September 6, 2023 by
Lucy Gardner Carson
Lauren MacAfee, M.D., associate professor of obstetrics, gynecology, and reproductive sciences
(SEPTEMBER 6, 2023) Lauren MacAfee, M.D., associate professor of obstetrics, gynecology, and reproductive sciences (OB/GYN), and other Larner faculty spoke with Newsweek for an article about changes in residency applications in the wake of the Dobbs decision overturning the federal abortion protection of Roe v. Wade in June 2022.
Early data released by the Association of American Medical Colleges in April shows that states with abortion bans saw a larger decrease in residency applications during the 2022–23 cycle when compared to those where abortion is legal or where gestational limits are in place. While there was a 5.2 percent decrease in OB/GYN applicants nationally, applications in abortion-banned states saw a drop of more than double, at 10.5 percent. Nevertheless, while applicant after applicant reported that the Dobbs decision had influenced where they would apply for residency programs, almost all of the most restrictive states continued to fill their residency positions.
The process of residency matching, and particularly the OB/GYN specialty, is so competitive that applicants are desperate to match, even if it means completing residency in a state with more abortion restrictions, because they could still go on to practice medicine in a state where abortion is protected.
As MacAffe told Newsweek, “Folks will pursue better opportunities where they can.”
Officials with the University of Vermont’s Robert Larner College of Medicine told Newsweek that the school’s OB/GYN program has seen a 48 percent increase in the number of residency applicants since 2019, despite a 3 percent rise nationally. The number of applications has risen steadily, and in the application cycle following the Dobbs decision, the numbers once again jumped 48 percent.

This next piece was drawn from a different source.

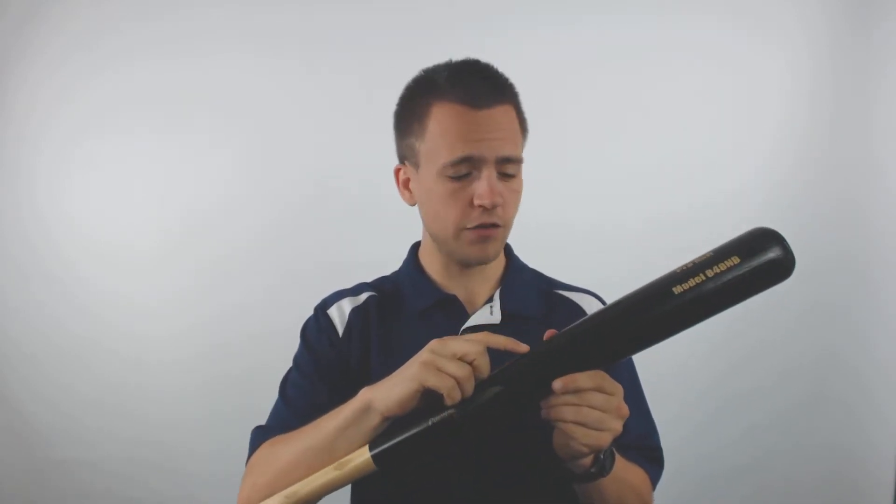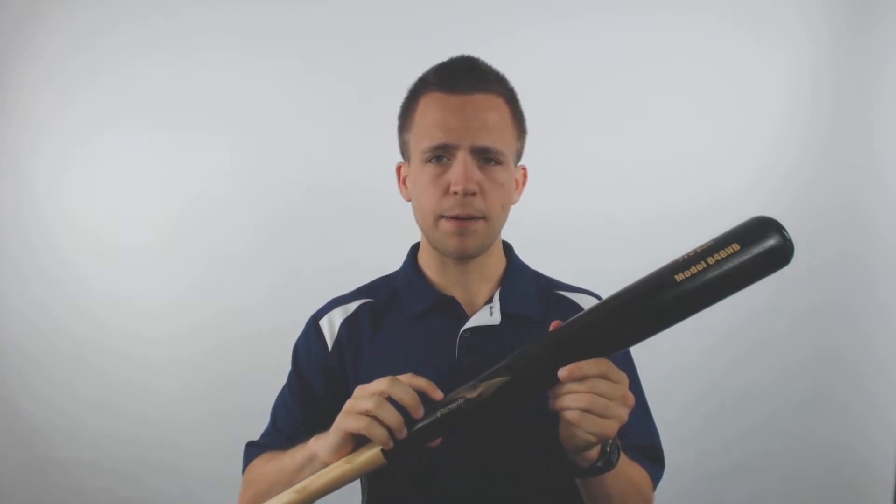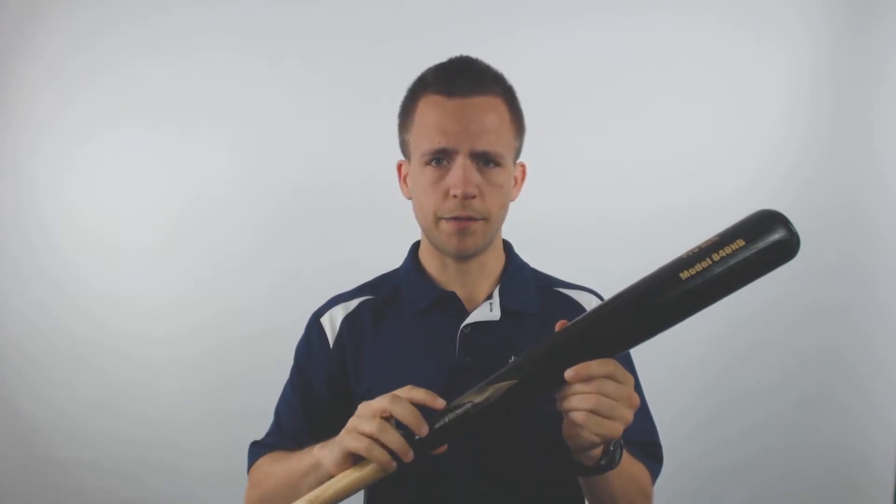One thing you'll notice with this bat is that it's got a high gloss lacquer finish which is going to give you a very clean and professional look. Another thing you'll want to keep in mind is that it's constructed with ash which is softer than birch or maple and should provide a more comfortable swing on contact.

“I would say those numbers are very significant,” said Melissa Davidson, M.D., professor of anesthesiology and pediatrics and associate dean for graduate medical education at Larner.

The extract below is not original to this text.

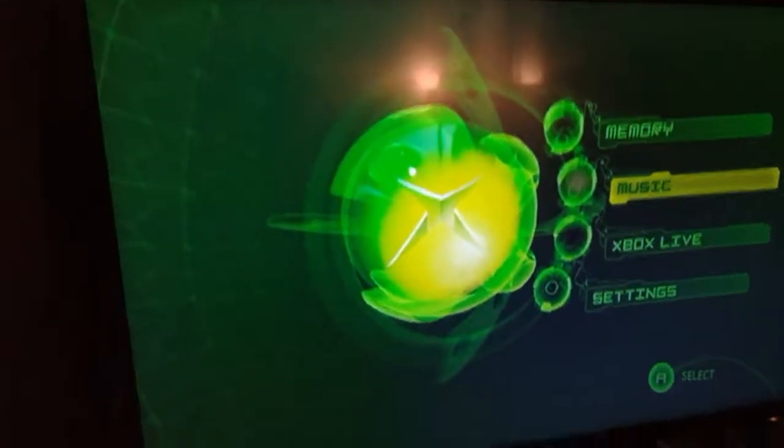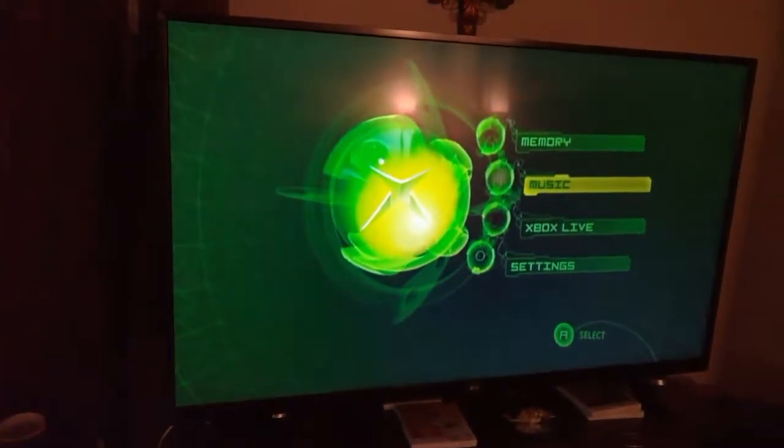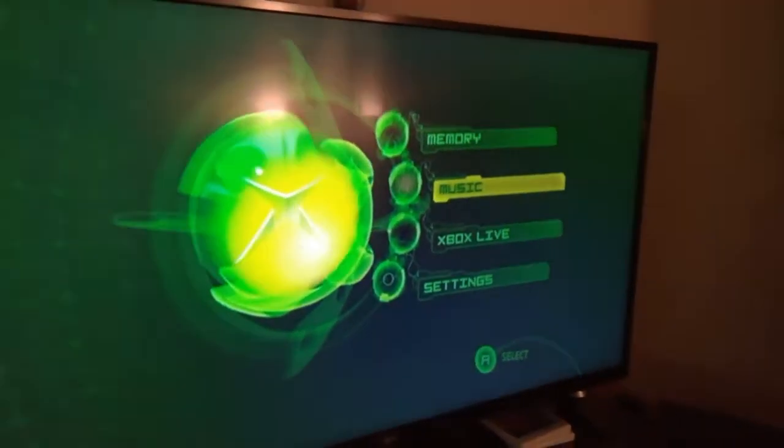Hey, how's it going everybody? I'm wanting to play an old Xbox game here, and every time I put it in the disk tray it makes some weird noises. So let me see — here's the disk.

“There is a big push nationally to figure out how we as a community of educators can continue to provide this necessary training across the country, so it is not just limited to residents who live and work in supportive states,” Bronwyn Kenny, M.D., OB/GYN residency program director at Larner, told Newsweek. “And not just for OB/GYN trainees. This is necessary training—at least to have some passing familiarity with the concepts—for several different specialties, family medicine, emergency medicine, pediatrics and adolescents. It doesn’t happen in a vacuum of OB/GYN.”